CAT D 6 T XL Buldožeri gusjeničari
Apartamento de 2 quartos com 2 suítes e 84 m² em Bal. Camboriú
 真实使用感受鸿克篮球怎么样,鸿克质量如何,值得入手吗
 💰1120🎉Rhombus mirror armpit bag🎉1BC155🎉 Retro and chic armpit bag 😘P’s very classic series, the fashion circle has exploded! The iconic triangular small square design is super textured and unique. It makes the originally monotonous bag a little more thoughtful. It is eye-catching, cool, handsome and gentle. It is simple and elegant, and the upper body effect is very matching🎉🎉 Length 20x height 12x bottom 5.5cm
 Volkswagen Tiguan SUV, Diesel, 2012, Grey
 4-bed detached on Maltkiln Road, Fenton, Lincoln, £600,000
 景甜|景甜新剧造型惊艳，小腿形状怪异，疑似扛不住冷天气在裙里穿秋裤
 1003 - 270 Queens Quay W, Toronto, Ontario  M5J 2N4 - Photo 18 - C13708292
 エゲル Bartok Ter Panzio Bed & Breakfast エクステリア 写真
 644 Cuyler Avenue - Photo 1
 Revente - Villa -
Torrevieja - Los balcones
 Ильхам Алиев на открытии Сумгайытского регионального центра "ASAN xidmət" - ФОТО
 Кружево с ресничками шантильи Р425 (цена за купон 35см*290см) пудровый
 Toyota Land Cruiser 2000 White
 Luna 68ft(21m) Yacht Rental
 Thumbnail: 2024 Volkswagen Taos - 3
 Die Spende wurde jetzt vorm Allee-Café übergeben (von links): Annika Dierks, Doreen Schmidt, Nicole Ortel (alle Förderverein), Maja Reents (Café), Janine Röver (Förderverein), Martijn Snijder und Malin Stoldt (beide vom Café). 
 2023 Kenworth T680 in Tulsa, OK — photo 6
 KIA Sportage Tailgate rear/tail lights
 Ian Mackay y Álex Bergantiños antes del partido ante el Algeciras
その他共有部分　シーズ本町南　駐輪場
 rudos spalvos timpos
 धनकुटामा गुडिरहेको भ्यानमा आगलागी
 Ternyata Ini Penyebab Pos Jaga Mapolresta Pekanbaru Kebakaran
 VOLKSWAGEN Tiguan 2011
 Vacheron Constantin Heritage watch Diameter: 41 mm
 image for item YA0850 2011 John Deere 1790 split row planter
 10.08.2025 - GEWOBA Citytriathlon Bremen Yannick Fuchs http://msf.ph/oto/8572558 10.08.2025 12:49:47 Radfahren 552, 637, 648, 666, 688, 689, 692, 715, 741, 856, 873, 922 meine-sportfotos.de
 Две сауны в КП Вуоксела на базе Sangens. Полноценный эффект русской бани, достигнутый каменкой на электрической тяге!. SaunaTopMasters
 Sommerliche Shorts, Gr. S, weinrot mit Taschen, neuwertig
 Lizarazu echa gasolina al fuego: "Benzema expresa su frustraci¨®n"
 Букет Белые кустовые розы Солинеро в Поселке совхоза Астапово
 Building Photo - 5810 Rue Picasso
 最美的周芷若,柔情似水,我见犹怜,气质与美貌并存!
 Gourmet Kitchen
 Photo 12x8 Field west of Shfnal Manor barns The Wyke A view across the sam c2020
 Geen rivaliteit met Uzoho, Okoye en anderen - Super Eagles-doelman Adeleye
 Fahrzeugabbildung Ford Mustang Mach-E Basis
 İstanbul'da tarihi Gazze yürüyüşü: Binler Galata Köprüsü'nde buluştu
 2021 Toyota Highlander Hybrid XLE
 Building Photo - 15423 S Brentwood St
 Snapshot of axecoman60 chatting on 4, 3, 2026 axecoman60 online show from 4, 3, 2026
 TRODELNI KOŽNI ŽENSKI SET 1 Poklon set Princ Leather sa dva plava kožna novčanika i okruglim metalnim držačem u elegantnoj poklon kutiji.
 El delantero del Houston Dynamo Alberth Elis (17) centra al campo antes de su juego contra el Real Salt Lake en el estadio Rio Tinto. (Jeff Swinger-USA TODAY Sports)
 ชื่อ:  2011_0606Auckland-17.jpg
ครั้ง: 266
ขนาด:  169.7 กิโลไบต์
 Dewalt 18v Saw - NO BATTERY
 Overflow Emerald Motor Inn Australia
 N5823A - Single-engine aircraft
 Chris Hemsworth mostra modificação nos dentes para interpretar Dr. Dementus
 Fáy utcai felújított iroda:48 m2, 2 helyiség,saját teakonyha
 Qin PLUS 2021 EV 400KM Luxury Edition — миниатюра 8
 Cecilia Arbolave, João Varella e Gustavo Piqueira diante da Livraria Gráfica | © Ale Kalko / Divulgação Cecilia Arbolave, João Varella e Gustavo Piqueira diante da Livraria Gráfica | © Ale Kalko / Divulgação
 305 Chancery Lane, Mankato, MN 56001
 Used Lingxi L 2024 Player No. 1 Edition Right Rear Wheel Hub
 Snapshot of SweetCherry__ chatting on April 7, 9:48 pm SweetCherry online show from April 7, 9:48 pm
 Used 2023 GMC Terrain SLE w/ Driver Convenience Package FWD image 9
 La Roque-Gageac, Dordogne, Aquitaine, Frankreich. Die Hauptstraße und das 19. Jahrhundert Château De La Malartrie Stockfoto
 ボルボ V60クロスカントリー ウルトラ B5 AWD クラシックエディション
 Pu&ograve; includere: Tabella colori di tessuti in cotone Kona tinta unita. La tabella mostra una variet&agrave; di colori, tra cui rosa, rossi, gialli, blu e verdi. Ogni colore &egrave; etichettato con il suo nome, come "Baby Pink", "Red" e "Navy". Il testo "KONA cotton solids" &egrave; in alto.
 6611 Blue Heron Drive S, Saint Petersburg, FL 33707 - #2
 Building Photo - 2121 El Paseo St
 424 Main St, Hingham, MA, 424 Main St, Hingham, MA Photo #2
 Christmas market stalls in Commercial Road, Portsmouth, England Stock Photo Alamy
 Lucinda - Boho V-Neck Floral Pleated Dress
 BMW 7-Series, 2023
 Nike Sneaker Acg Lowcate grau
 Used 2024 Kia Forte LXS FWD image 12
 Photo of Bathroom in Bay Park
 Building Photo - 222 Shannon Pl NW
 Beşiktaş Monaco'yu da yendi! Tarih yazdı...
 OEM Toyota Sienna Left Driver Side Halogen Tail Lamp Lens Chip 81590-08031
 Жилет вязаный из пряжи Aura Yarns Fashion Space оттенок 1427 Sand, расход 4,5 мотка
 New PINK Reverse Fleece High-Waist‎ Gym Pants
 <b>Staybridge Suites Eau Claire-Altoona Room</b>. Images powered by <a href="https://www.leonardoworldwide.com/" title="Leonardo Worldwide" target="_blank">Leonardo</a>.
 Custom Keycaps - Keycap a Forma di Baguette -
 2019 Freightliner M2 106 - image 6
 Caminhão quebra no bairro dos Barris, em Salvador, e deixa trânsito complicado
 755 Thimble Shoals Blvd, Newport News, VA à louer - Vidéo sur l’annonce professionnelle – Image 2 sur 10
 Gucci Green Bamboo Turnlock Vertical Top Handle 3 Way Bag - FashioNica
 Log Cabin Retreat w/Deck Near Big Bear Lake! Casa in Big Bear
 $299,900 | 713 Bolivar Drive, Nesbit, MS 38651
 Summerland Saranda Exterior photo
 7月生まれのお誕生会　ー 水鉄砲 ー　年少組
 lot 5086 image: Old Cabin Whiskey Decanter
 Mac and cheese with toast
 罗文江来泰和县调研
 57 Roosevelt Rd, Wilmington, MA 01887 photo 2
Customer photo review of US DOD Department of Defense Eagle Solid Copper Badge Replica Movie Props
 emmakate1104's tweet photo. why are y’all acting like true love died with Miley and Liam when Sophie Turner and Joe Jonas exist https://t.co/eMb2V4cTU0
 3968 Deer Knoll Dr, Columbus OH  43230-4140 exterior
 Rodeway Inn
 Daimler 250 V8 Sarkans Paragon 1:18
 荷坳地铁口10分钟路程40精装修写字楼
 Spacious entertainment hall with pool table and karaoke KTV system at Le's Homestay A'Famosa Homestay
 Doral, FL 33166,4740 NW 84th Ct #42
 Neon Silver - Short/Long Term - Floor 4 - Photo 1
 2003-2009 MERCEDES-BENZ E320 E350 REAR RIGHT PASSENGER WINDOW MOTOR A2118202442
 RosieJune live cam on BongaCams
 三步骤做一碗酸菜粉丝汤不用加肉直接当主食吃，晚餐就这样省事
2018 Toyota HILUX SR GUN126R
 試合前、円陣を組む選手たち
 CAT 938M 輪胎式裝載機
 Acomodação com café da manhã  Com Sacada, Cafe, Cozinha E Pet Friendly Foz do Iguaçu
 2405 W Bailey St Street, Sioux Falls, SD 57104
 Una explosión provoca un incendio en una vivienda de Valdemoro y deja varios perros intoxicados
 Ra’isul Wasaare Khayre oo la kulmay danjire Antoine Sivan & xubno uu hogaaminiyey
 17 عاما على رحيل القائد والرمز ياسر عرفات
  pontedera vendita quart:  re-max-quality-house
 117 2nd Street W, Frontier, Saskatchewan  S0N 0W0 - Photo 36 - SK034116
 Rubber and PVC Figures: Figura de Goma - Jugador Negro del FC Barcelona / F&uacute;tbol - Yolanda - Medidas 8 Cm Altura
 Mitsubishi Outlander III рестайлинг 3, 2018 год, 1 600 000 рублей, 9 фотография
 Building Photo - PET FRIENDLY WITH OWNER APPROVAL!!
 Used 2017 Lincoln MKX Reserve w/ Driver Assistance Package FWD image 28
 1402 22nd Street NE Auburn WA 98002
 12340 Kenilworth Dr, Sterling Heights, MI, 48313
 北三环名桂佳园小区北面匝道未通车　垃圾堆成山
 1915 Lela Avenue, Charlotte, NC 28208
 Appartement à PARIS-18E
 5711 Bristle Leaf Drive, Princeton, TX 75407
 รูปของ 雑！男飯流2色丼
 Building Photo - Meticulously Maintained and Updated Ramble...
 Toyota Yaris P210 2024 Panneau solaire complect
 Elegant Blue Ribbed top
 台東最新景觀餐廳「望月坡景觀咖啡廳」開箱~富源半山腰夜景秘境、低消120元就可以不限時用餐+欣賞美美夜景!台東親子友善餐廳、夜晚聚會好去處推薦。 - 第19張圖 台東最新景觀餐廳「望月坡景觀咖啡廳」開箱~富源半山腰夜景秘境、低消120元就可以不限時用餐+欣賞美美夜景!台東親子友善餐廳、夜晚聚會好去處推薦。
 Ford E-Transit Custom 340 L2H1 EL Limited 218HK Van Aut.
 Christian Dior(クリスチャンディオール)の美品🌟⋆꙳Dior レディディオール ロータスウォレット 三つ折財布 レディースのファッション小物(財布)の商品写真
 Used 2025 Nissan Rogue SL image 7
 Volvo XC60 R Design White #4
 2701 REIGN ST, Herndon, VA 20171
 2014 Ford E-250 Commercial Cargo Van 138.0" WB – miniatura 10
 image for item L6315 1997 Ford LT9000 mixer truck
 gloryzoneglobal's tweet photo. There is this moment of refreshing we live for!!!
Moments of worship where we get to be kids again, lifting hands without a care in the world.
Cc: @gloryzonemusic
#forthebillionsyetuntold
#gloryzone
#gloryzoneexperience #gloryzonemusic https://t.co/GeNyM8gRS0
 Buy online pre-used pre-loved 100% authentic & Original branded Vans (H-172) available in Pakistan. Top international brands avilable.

----------------------------------------

Please reproduce, exactly as written, the lines of the records from the first line through the one containing "Ильхам Алиев на".

Response to this exercise ->
CAT D 6 T XL Buldožeri gusjeničari
Apartamento de 2 quartos com 2 suítes e 84 m² em Bal. Camboriú
 真实使用感受鸿克篮球怎么样,鸿克质量如何,值得入手吗
 💰1120🎉Rhombus mirror armpit bag🎉1BC155🎉 Retro and chic armpit bag 😘P’s very classic series, the fashion circle has exploded! The iconic triangular small square design is super textured and unique. It makes the originally monotonous bag a little more thoughtful. It is eye-catching, cool, handsome and gentle. It is simple and elegant, and the upper body effect is very matching🎉🎉 Length 20x height 12x bottom 5.5cm
 Volkswagen Tiguan SUV, Diesel, 2012, Grey
 4-bed detached on Maltkiln Road, Fenton, Lincoln, £600,000
 景甜|景甜新剧造型惊艳，小腿形状怪异，疑似扛不住冷天气在裙里穿秋裤
 1003 - 270 Queens Quay W, Toronto, Ontario  M5J 2N4 - Photo 18 - C13708292
 エゲル Bartok Ter Panzio Bed & Breakfast エクステリア 写真
 644 Cuyler Avenue - Photo 1
 Revente - Villa -
Torrevieja - Los balcones
 Ильхам Алиев на открытии Сумгайытского регионального центра "ASAN xidmət" - ФОТО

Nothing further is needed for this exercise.